Segment Start: Dataset content
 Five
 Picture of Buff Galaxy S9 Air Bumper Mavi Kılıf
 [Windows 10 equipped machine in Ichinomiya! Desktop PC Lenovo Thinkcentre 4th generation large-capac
Segment End: Dataset content
Segment Start: Dataset content
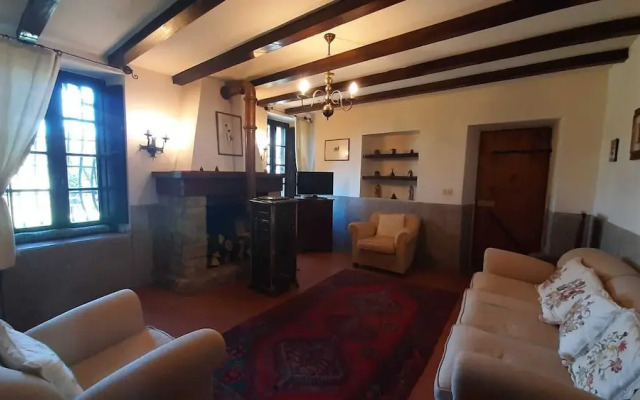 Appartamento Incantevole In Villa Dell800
Segment End: Dataset content
Segment Start: Dataset content
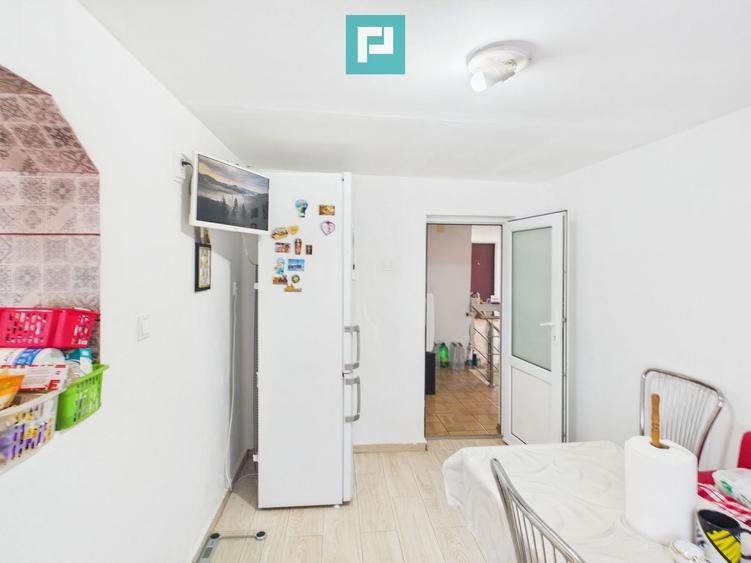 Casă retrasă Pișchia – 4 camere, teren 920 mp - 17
Segment End: Dataset content
• Problem to work on: Could you set down, exactly as written, the lines above between the one holding "Picture of Buff" and the one holding "[Windows 10 equipped", inclusive, and nothing more?

• Result of this exercise:
 Picture of Buff Galaxy S9 Air Bumper Mavi Kılıf
 [Windows 10 equipped machine in Ichinomiya! Desktop PC Lenovo Thinkcentre 4th generation large-capac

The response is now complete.